Data to examine:
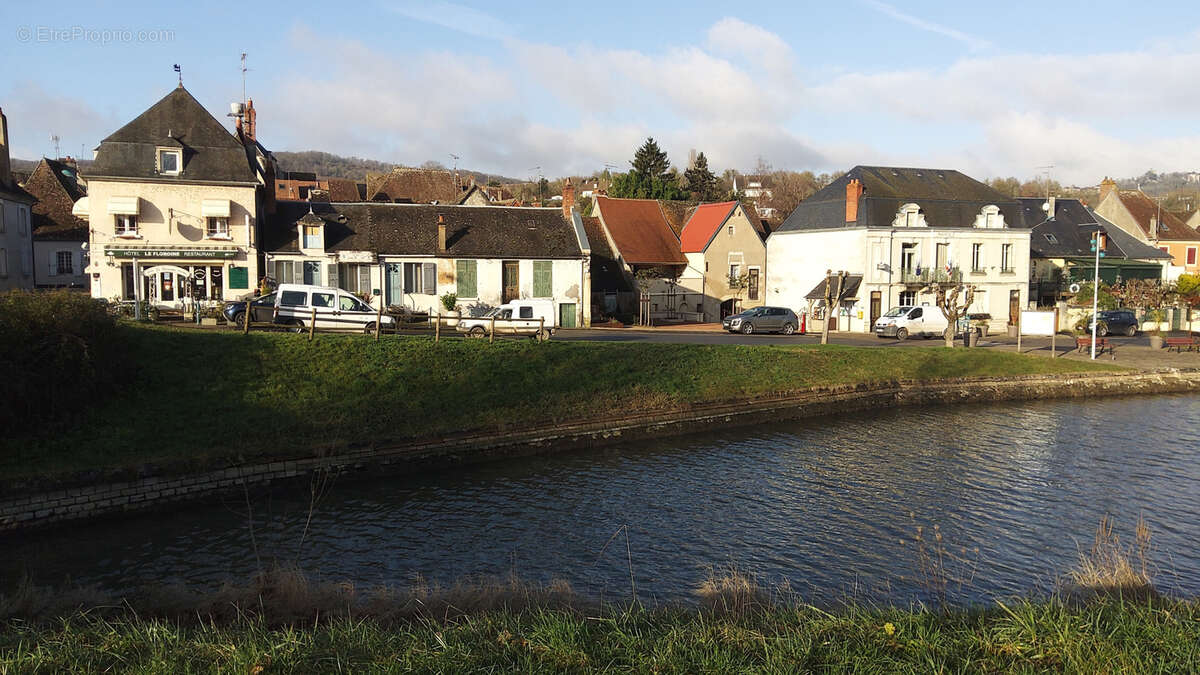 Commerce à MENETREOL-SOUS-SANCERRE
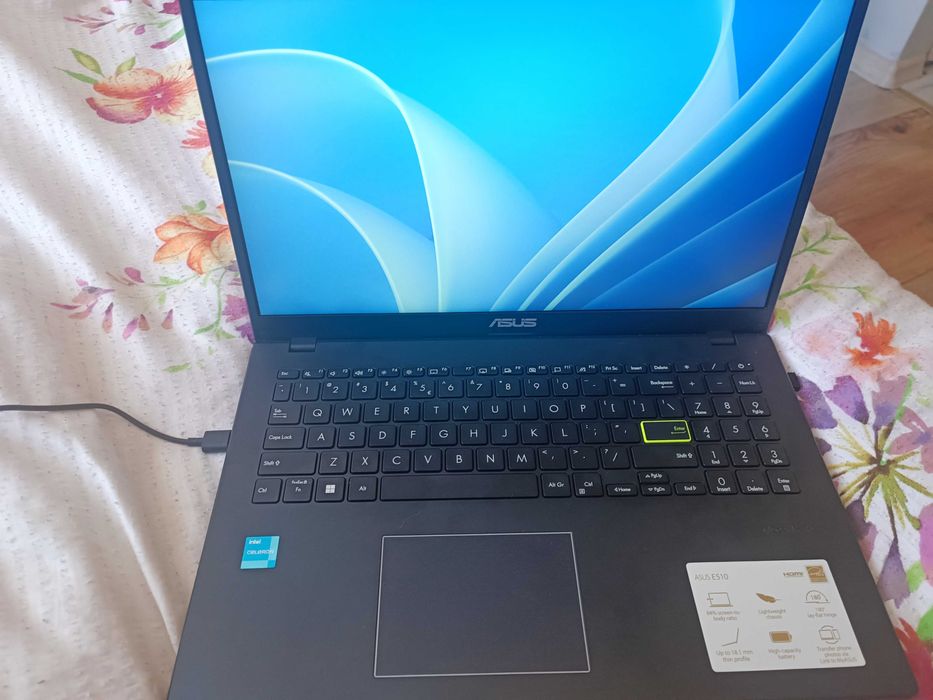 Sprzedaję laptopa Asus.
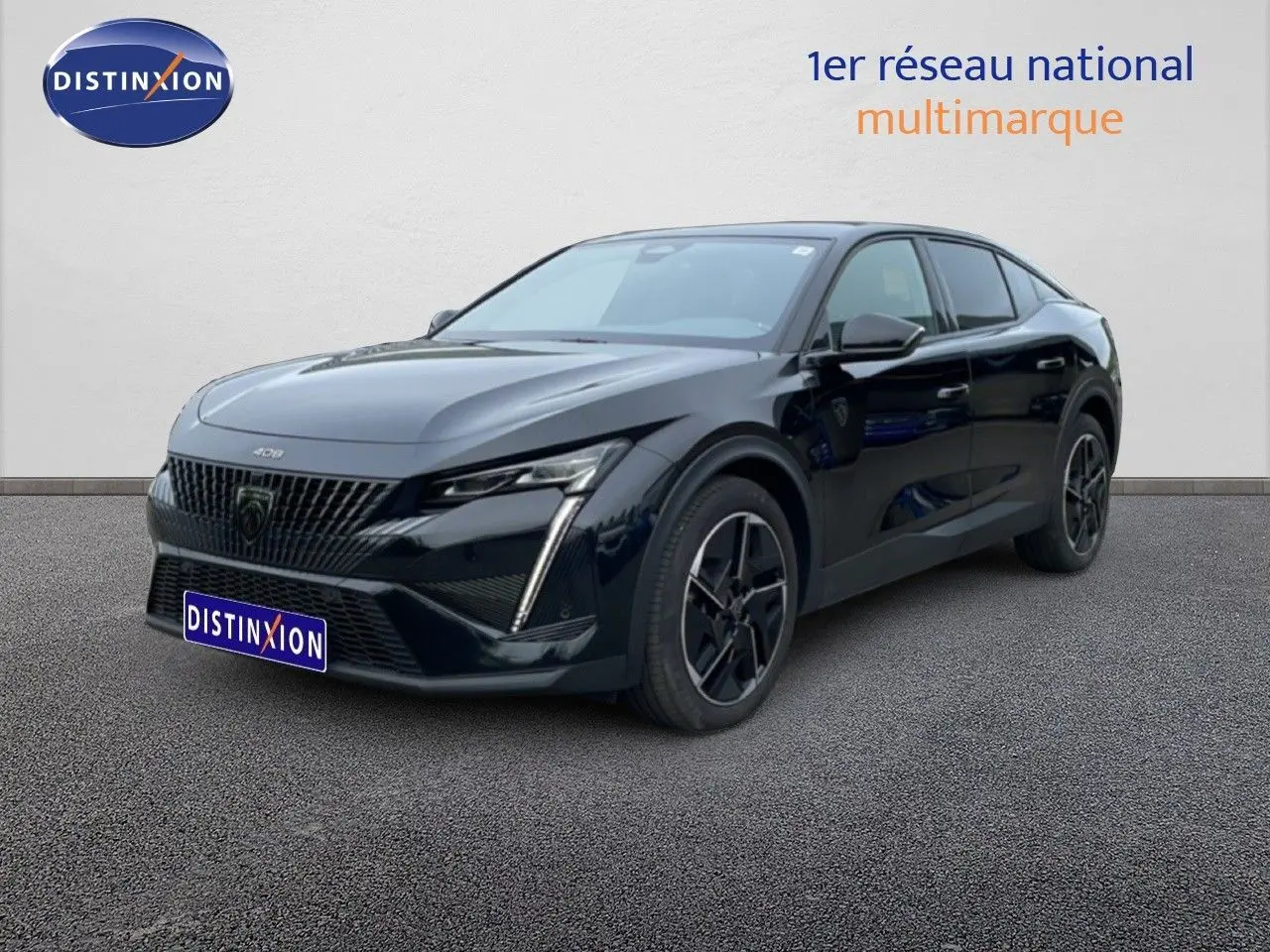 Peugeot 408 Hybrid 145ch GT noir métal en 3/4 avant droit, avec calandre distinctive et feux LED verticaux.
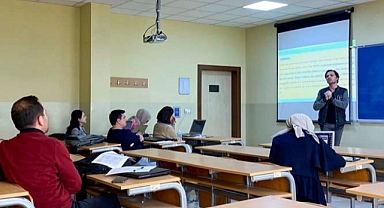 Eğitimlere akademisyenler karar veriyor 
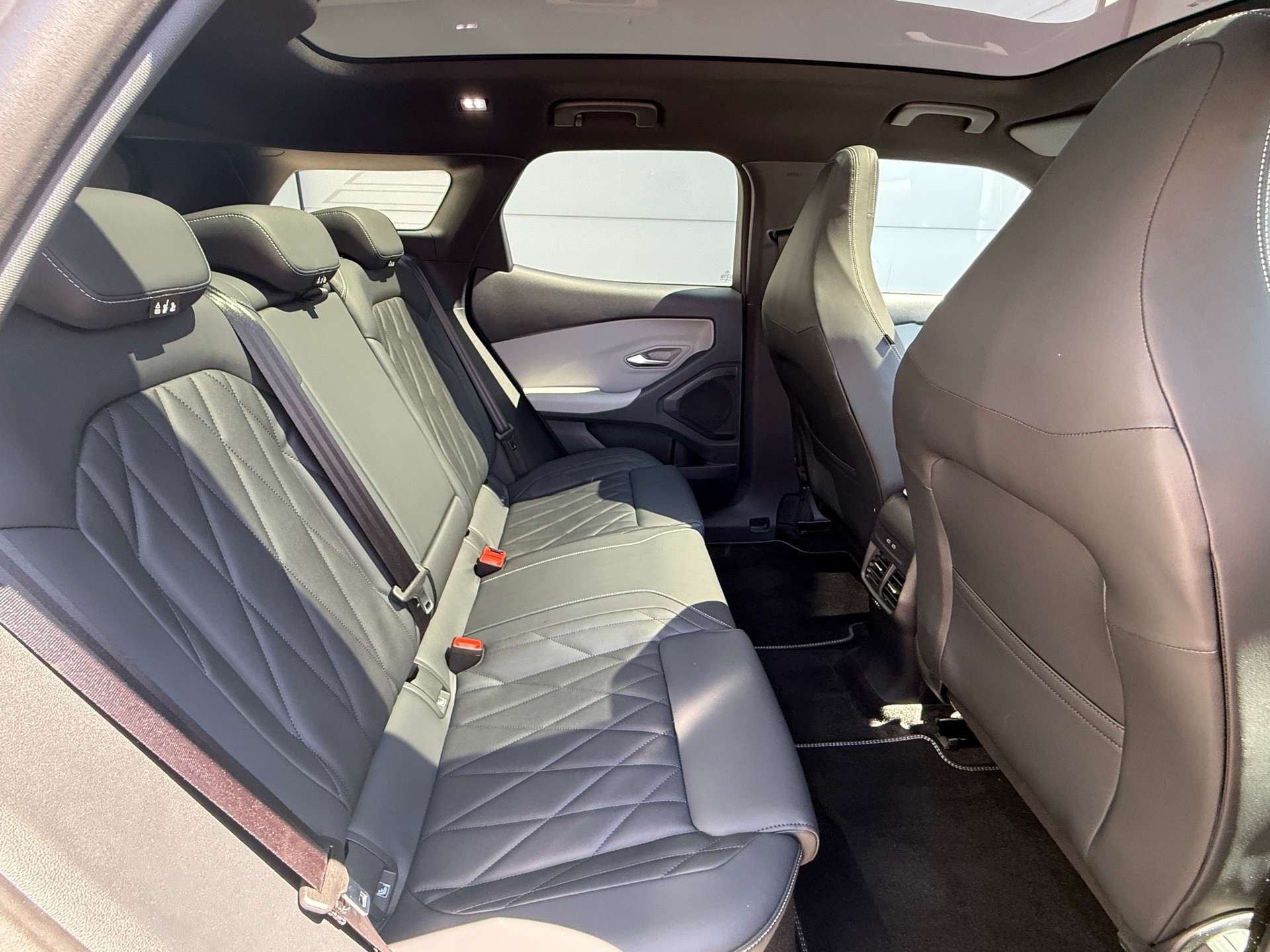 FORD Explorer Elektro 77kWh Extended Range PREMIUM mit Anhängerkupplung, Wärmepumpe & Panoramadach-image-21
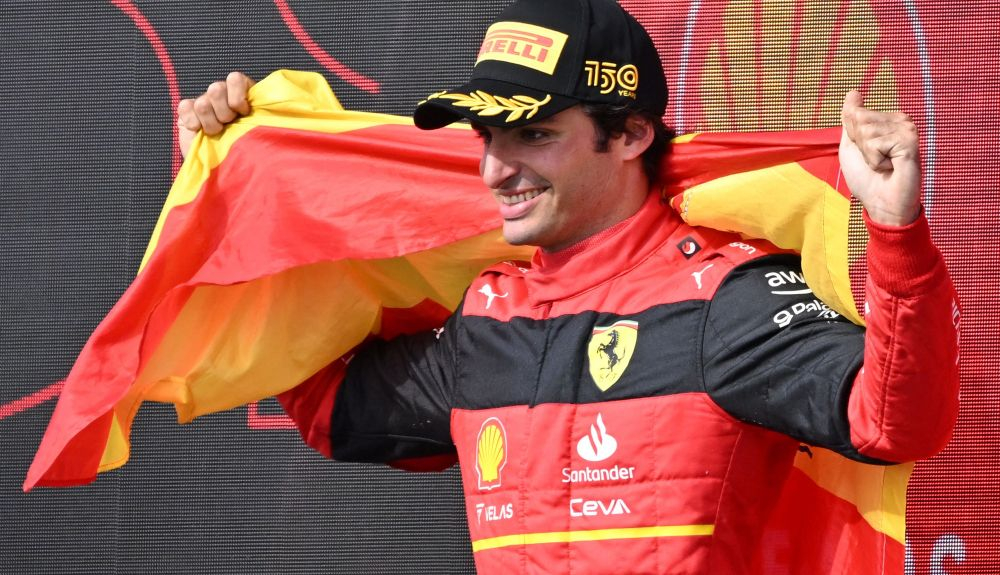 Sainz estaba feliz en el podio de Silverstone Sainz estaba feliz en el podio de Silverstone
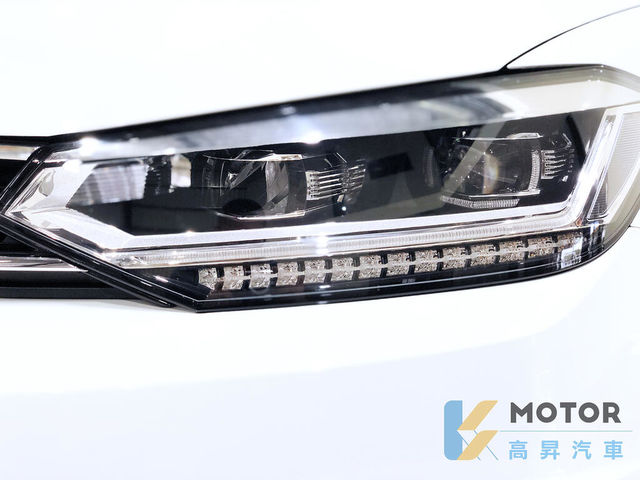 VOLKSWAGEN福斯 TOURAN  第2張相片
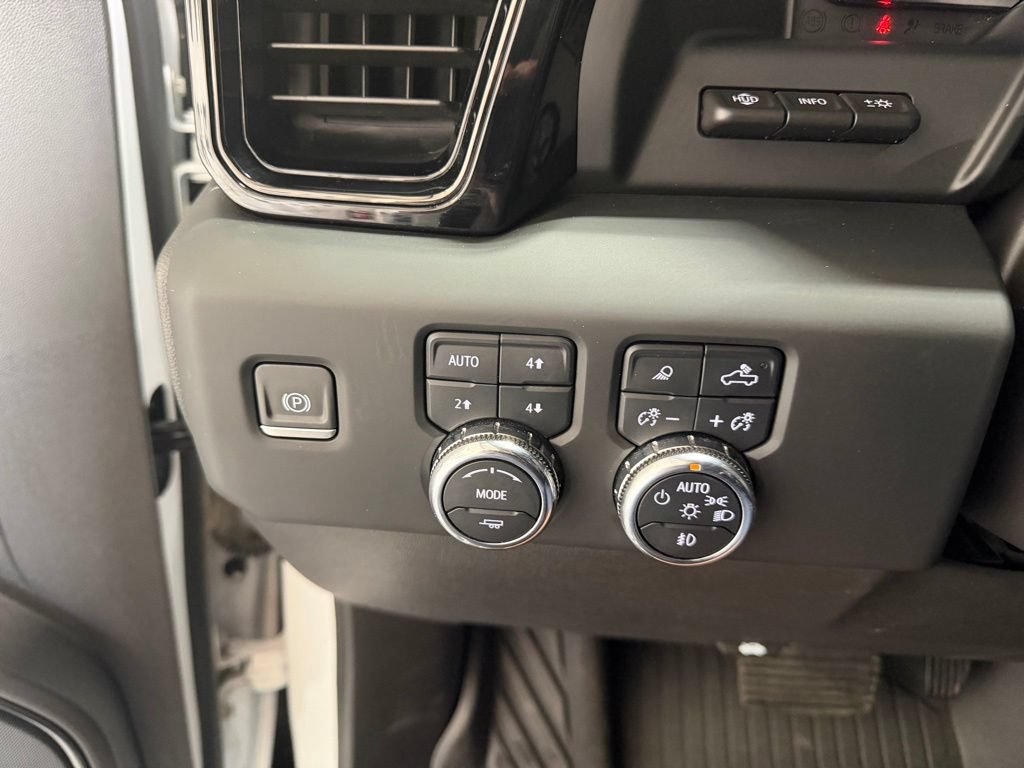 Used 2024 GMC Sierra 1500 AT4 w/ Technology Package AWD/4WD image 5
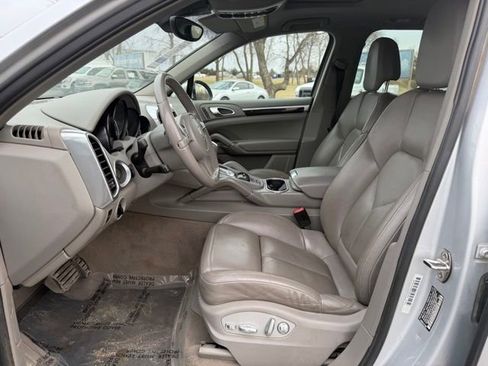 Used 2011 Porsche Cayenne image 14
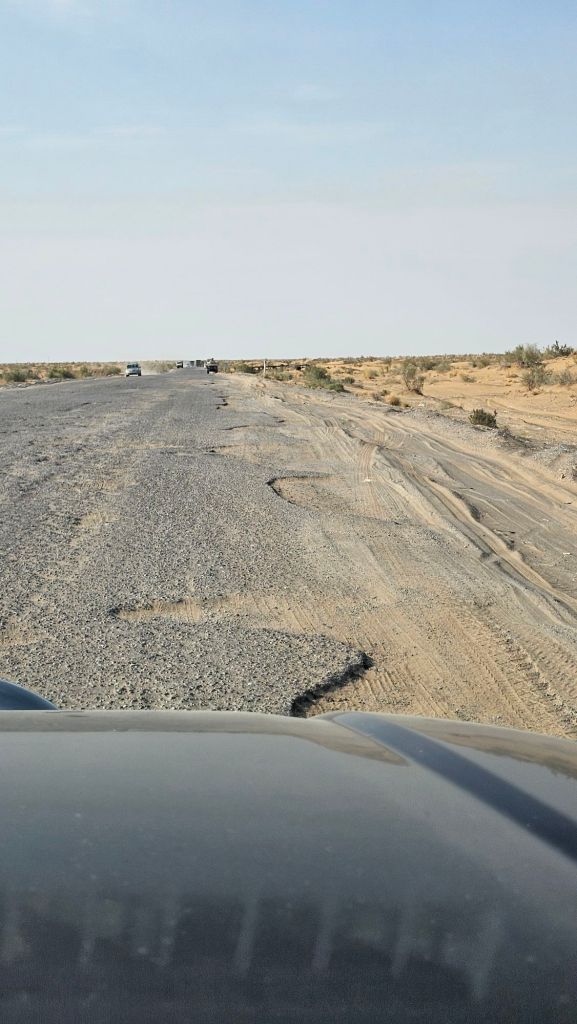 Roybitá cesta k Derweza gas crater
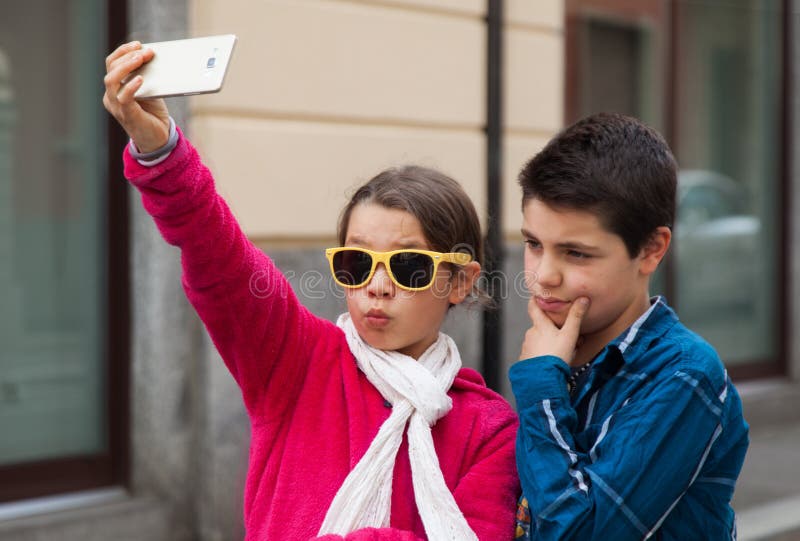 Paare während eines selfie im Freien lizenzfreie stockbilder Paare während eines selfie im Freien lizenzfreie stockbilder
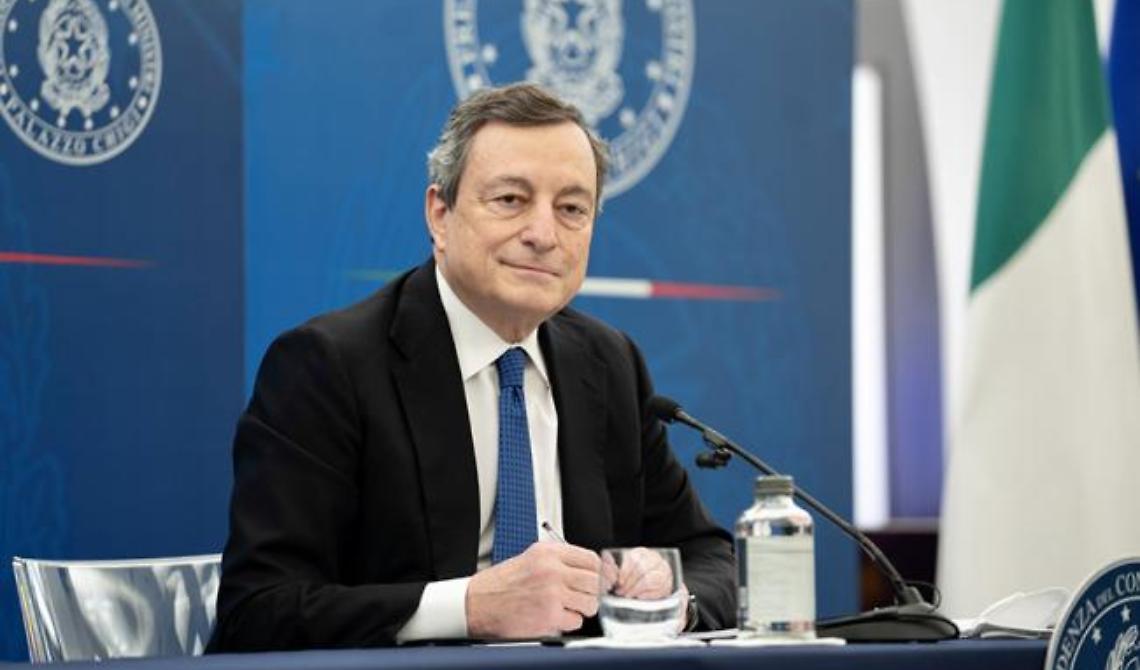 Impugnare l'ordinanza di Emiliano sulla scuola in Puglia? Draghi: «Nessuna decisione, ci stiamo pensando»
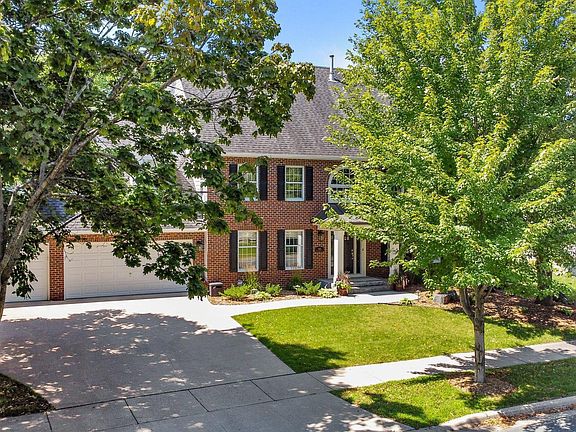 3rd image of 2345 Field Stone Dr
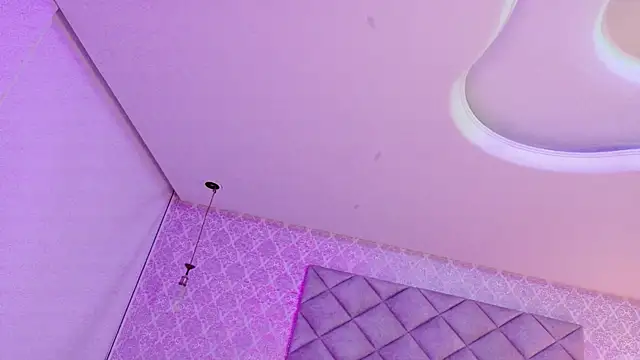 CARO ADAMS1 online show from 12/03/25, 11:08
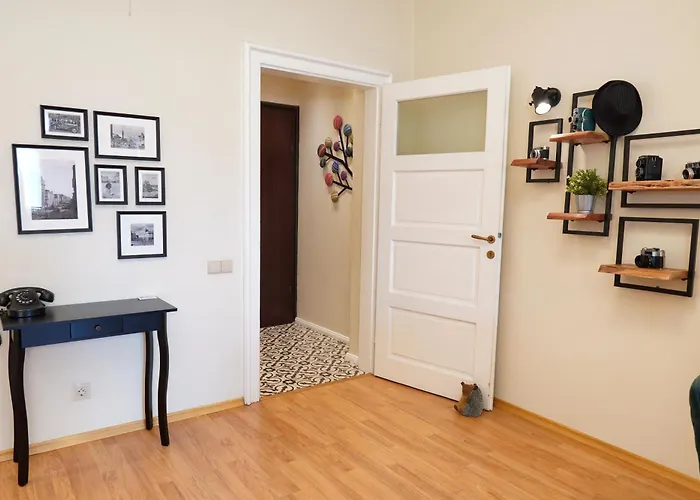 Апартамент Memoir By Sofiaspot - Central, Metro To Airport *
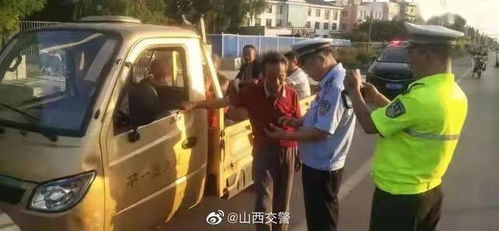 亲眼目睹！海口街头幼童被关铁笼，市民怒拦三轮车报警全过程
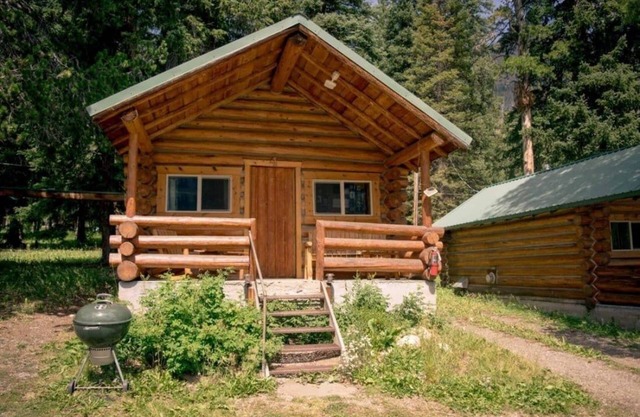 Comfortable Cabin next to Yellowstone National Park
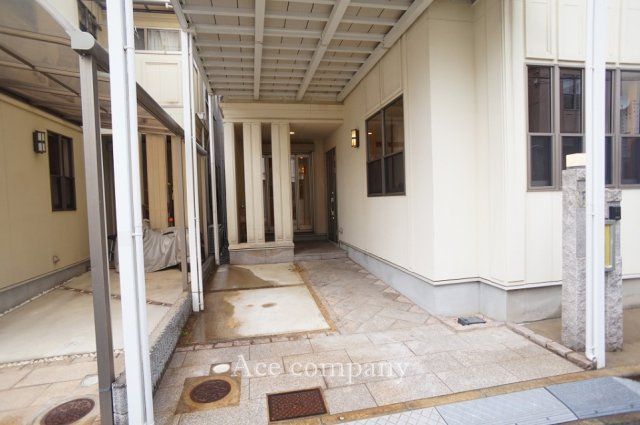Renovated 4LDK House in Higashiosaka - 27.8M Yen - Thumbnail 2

Exercise:
Keep every word of the data as it is when you write it out, but drop the pictures.

Answer:
 Commerce à MENETREOL-SOUS-SANCERRE
 Sprzedaję laptopa Asus.
 Peugeot 408 Hybrid 145ch GT noir métal en 3/4 avant droit, avec calandre distinctive et feux LED verticaux.
 Eğitimlere akademisyenler karar veriyor 
 FORD Explorer Elektro 77kWh Extended Range PREMIUM mit Anhängerkupplung, Wärmepumpe & Panoramadach-image-21
 Sainz estaba feliz en el podio de Silverstone Sainz estaba feliz en el podio de Silverstone
 VOLKSWAGEN福斯 TOURAN  第2張相片
 Used 2024 GMC Sierra 1500 AT4 w/ Technology Package AWD/4WD image 5
 Used 2011 Porsche Cayenne image 14
 Roybitá cesta k Derweza gas crater
 Paare während eines selfie im Freien lizenzfreie stockbilder Paare während eines selfie im Freien lizenzfreie stockbilder
 Impugnare l'ordinanza di Emiliano sulla scuola in Puglia? Draghi: «Nessuna decisione, ci stiamo pensando»
 3rd image of 2345 Field Stone Dr
 CARO ADAMS1 online show from 12/03/25, 11:08
 Апартамент Memoir By Sofiaspot - Central, Metro To Airport *
 亲眼目睹！海口街头幼童被关铁笼，市民怒拦三轮车报警全过程
 Comfortable Cabin next to Yellowstone National Park
Renovated 4LDK House in Higashiosaka - 27.8M Yen - Thumbnail 2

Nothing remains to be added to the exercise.